Areas of Research
Profile
Larry Snyder's research interests are in supply chain management, logistics, transportation, and facility location problems, models for decision-making under uncertainty, applied optimization, integer programming algorithms and heuristics, and energy applications, especially smart grids.
In smart grid research, Snyder's research uses tools from operations research to address a variety of related optimization problems, drawing upon his research expertise in mathematical models for supply chain management. His research on stochastic facility location and multi-echelon inventory optimization problems finds natural analogies in network design and storage optimization problems in smart grids. His group is developing optimization models and algorithms for dispatch and scheduling problems within the grid (both for service providers and for consumers) in order to design or react to demand-response programs, pricing structures, and other pricing signals that service providers use to shape load profiles. Another avenue of research involves location and dispatch of electricity storage devices (e.g., batteries) in the grid in order to level both the supply and the demand of electricity.

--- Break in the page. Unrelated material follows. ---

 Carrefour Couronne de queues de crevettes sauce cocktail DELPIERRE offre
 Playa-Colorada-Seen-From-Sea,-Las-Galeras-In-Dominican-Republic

Dr. Snyder teaches courses in production and inventory control, quantitative models in supply chain management, advanced inventory theory, and operations research. He serves as co-director of the Center for Value Chain Research at Lehigh. He is a member of Phi Beta Kappa and Sigma Xi. Dr. Snyder has been recipient of IIE Operations Research Track for Best Paper Award and first place honors in the IIE Pritsker Doctoral Dissertation Award.